Jean-Paul II et Sœur Lucie en 1982 à Fatima

Fatima et l’expansion du nouveau socialisme.

Une question de plus en plus insistante: la Russie a-t-elle été consacrée au Cœur Immaculé de Marie ?

Réflexions de Giuseppe Nardi

Giuseppe Nardi
katholisches.info
22 février 2021
Traduit de l’allemand par Isabelle

L’attitude de plus en plus offensive des partisans d’un régime socialiste, que ce soit en Europe ou en Amérique Latine, et, pour tout dire, à un niveau global, suscite une interrogation : comment est-il possible que tout à coup les erreurs de la Russie de 1917 se répandent à nouveau, si la Russie a bien été consacrée au Cœur Immaculé de Marie, comme la Mère de Dieu en avait exprimé le souhait à Fatima ?

Sous de nouvelles formes le socialisme, que l’on avait cru vaincu en 1989, se propage à nouveau à la surface du globe. Il apparaît avec beaucoup de nouvelles étiquettes. Une partie d’entre elles seulement se revendique directement du socialisme, en se faisant appeler « socialisme démocratique » ou « socialisme du XXIe siècle ». La plupart du temps, ce « socialisme » se déguise sous des thèmes à la mode comme l’écologie et l’anti-discrimination. Les mots d’ordre sont : changement climatique, Fridays for Future, droits des homosexuels, idéologie du genre, Black Lives Matter… Derrière tout cela se cache une volonté totalitaire, qui ne tolère aucune opinion divergente. Le concept de Cancel Culture n’est que la dénomination la plus récente de ce phénomène.

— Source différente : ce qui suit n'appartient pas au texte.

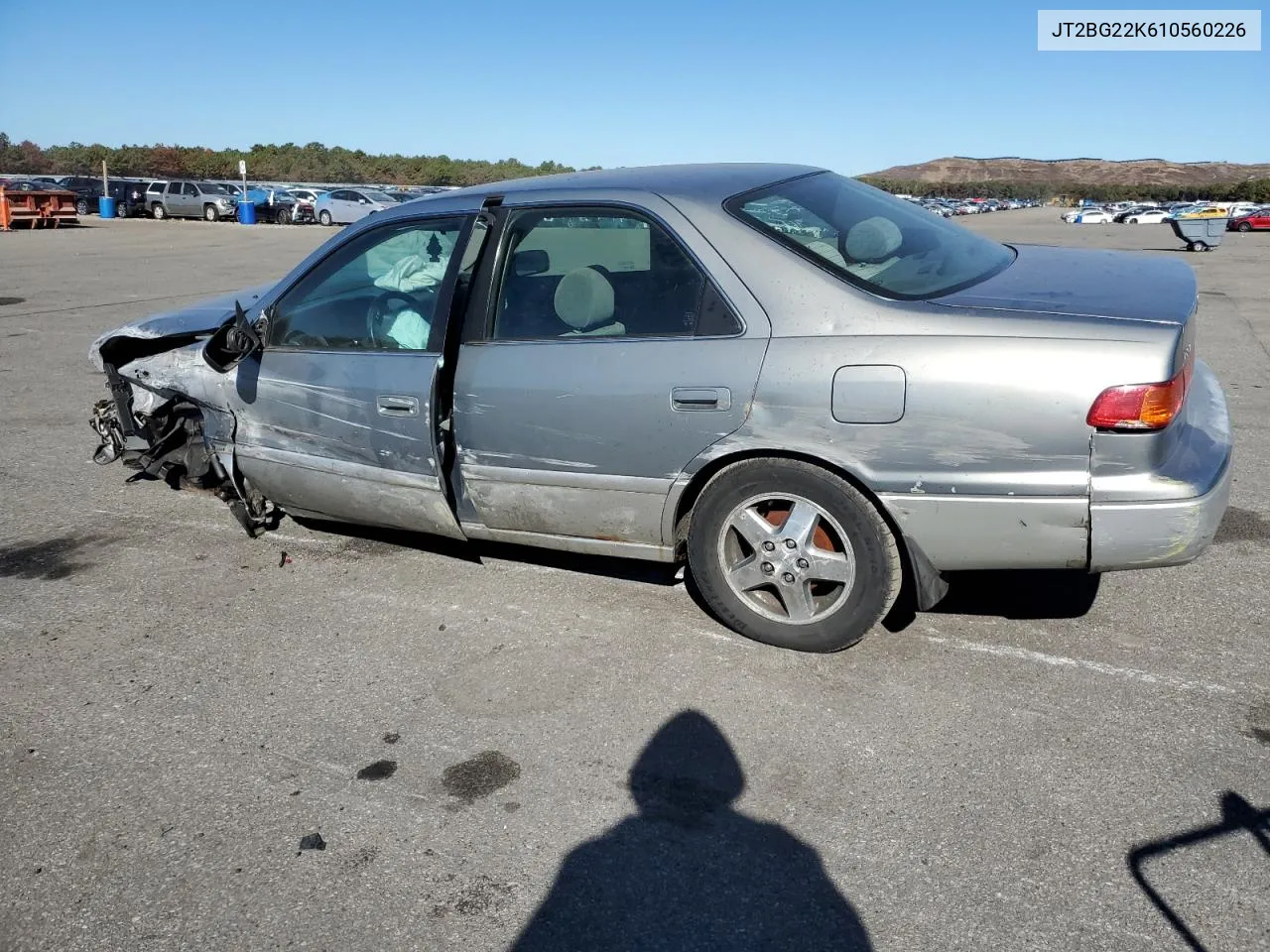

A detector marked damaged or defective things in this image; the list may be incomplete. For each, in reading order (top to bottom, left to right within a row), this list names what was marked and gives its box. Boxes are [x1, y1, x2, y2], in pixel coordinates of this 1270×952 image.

damaged silver sedan [86, 166, 1229, 654]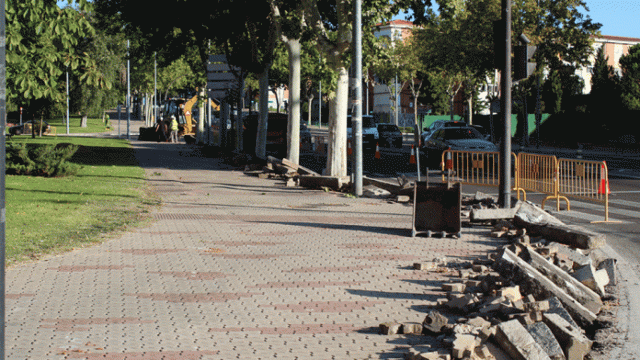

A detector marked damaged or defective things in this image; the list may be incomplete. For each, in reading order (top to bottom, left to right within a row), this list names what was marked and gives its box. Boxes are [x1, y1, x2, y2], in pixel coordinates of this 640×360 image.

Par les mesures anti-corona, les peuples ont été habitués à accepter sans broncher les mesures coercitives édictées par leurs gouvernements respectifs, – et même à y collaborer, à ostraciser ceux qui pensent autrement. Il y a, dans le processus orchestré à grande échelle qui se déroule aujourd’hui, un aspect psychologique qu’il ne faut pas sous-estimer. Une des récentes victimes de cette mise au ban sociale est Stefan Mickisch, un spécialiste de Wagner prodigieusement doué, qui fut, à cause de sa critique des mesures anti-corona du gouvernement, interdit de séjour dans la villa Wagner à Bayreuth, comme si ces deux choses avaient un quelconque rapport entre elles. Il a été attaqué de manière abjecte par les médias mainstream et démoli. C’est exactement ainsi que fonctionne l’ostracisme. Vendredi dernier, Michisch s’est ôté la vie à l’âge de 58 ans.

Le slogan qui revient sans cesse est : « Il n’y a pas d’alternative », ce qui, à l’avance, exclut toute déviation. Dans la fausse pandémie actuelle, les mesures coercitives prises par les États sont présentées comme étant « sans alternative » : or, au lieu de ces mesures, on pourrait investir dans le renforcement du système de santé afin de fournir l’aide nécessaire à ceux (Dieu merci assez peu nombreux !) qui sont réellement atteints d’une affection respiratoire et de protéger le nombre raisonnable de personnes à risques. Sont également dites « sans alternative » les mesures douteuses « contre le changement climatique » et pour un « tournant écologique ». De cette « conversion écologique » parle aussi le pape François, qui fait partie des plus importants promoteurs de la nouvelle Alliance et de l’élargissement de son agenda.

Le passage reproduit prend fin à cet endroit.